▶ What you are asked to do
Starting at the line that holds "Ghab Guard DMOCHG Cover For Apple iPhone 16", reproduce each line exactly up to and including the last line of the records below. Pictures stay out.

------------------------

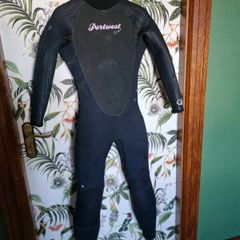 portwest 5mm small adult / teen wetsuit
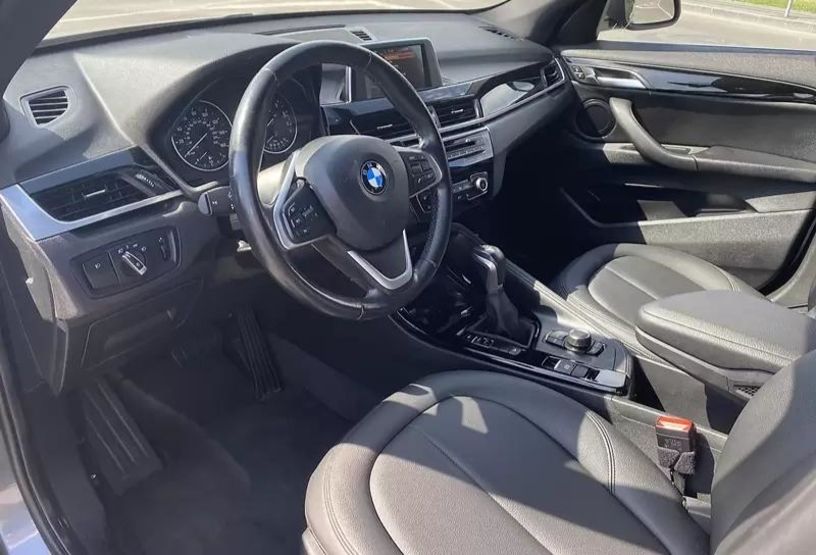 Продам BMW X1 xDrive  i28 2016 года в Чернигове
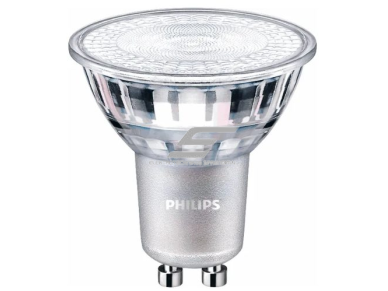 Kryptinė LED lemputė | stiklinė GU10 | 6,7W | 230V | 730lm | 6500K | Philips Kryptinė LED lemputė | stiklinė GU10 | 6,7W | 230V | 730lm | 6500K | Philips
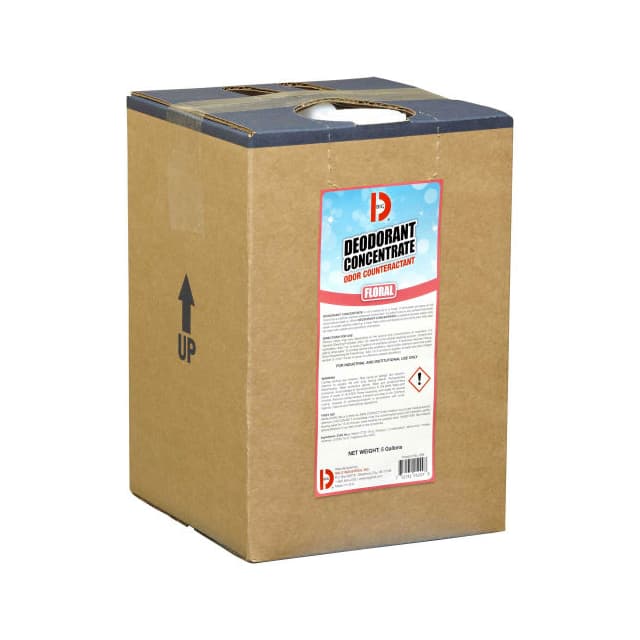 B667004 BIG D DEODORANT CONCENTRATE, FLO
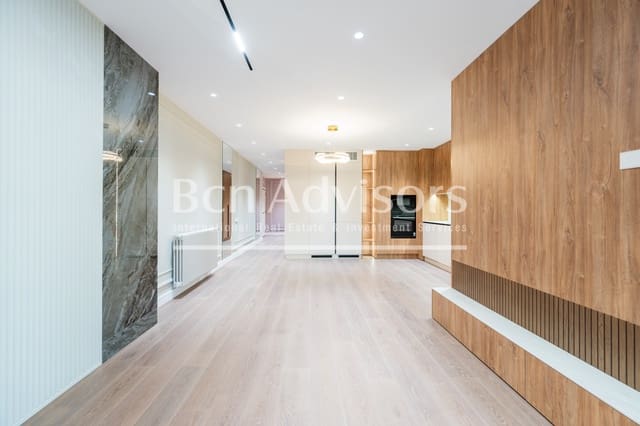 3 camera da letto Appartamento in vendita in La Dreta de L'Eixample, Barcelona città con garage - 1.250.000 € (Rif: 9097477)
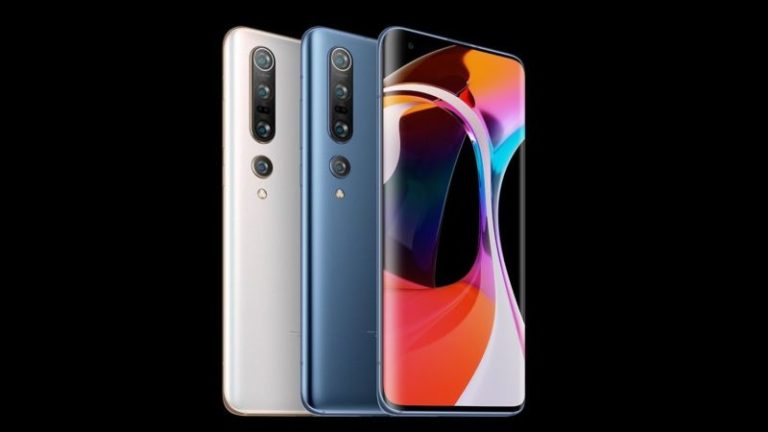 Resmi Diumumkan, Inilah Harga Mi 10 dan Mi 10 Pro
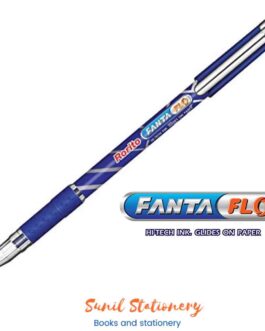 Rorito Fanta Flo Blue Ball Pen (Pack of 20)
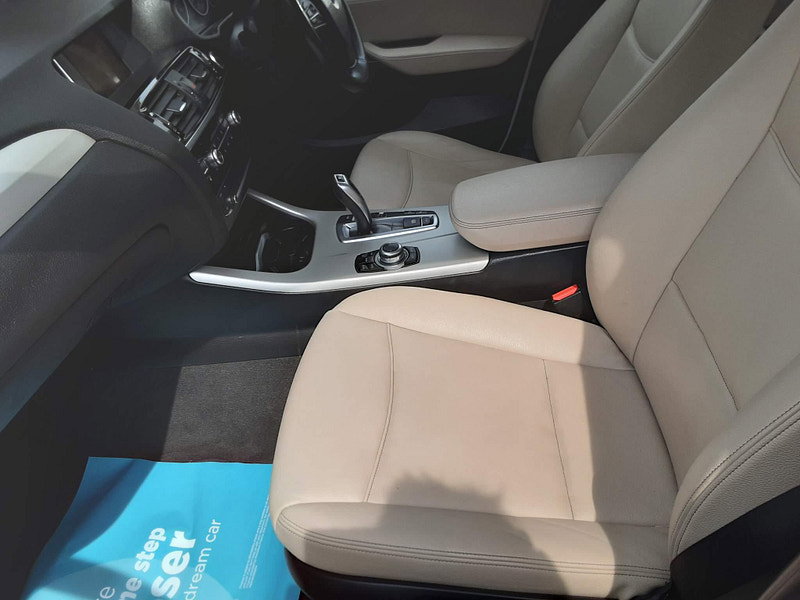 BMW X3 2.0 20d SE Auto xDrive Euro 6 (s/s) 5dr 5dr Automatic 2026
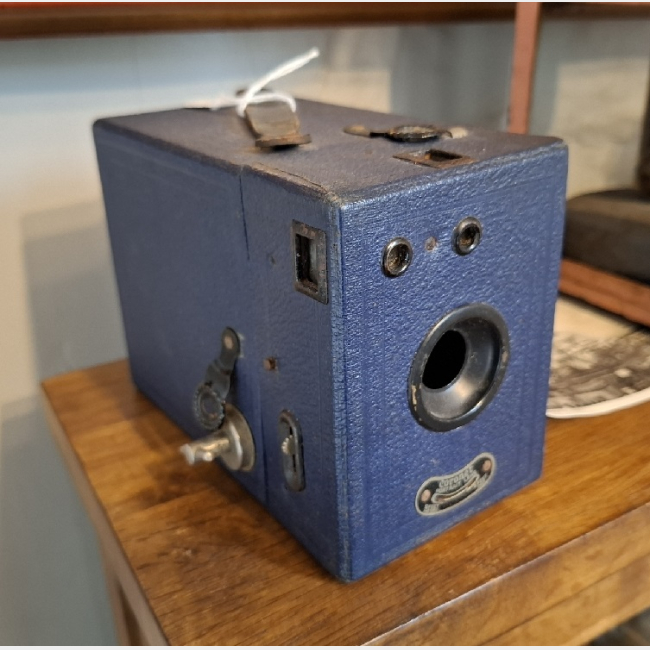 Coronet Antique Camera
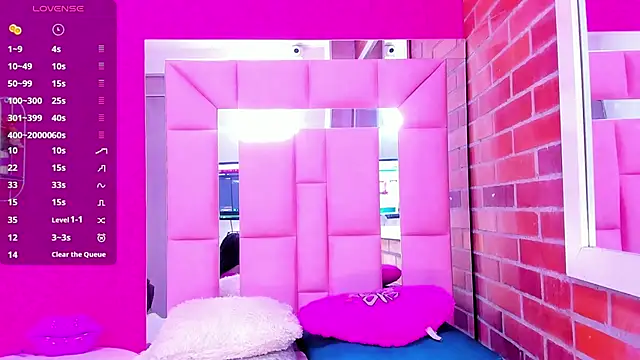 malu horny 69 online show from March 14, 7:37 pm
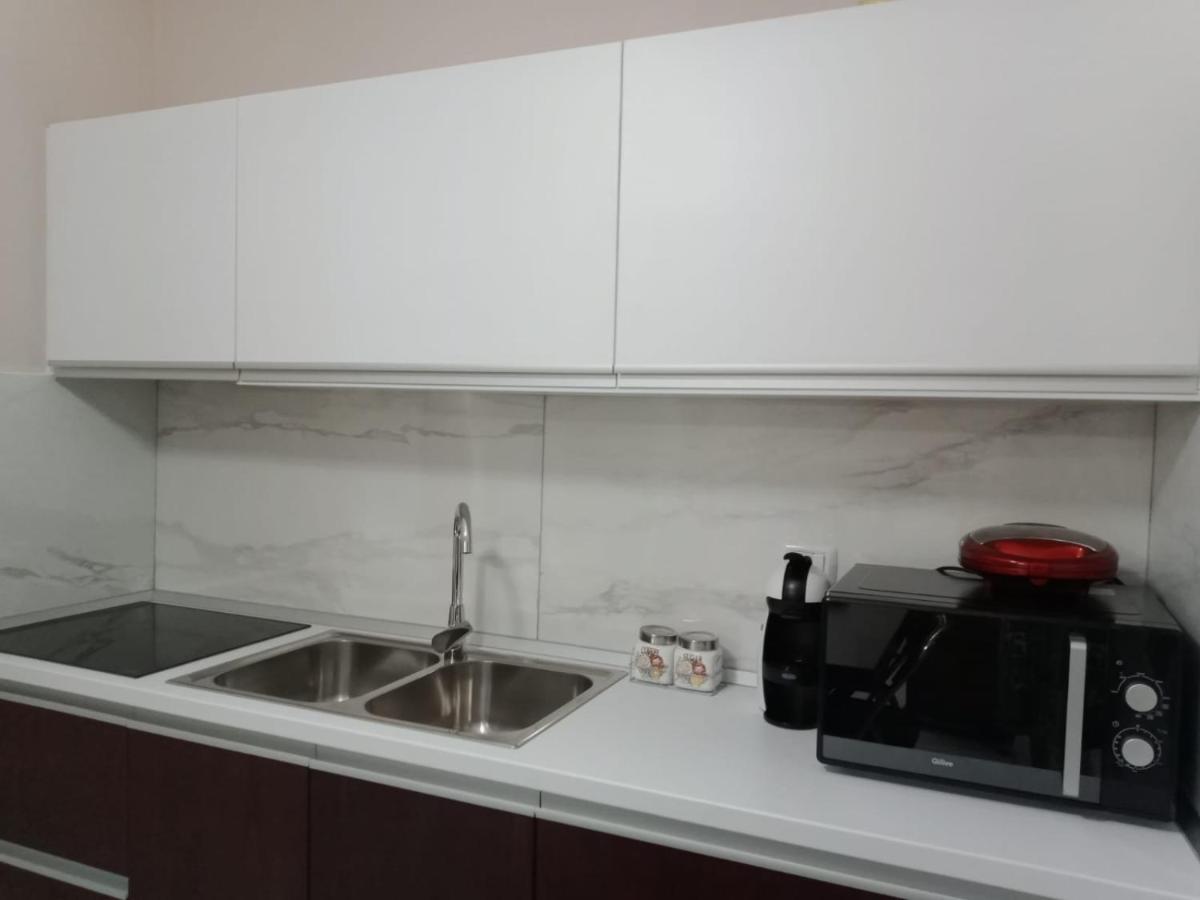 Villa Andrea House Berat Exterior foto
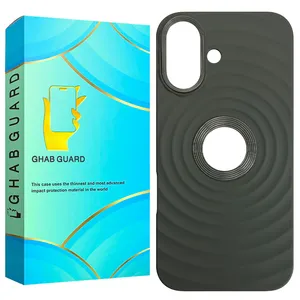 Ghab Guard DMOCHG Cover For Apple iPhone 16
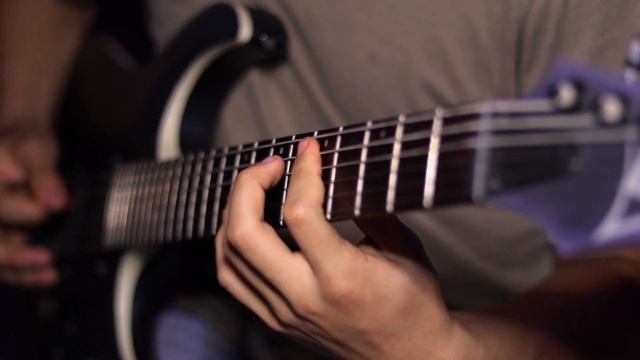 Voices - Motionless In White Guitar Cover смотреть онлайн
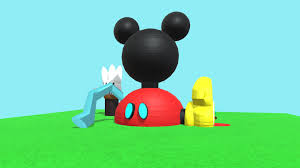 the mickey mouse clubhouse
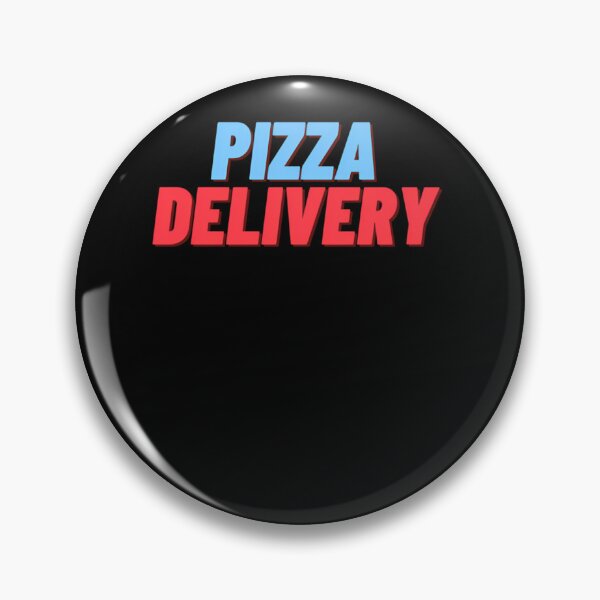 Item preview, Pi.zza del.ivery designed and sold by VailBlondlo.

------------------------

▶ Exercise answer
 Ghab Guard DMOCHG Cover For Apple iPhone 16
 Voices - Motionless In White Guitar Cover смотреть онлайн
 the mickey mouse clubhouse
 Item preview, Pi.zza del.ivery designed and sold by VailBlondlo.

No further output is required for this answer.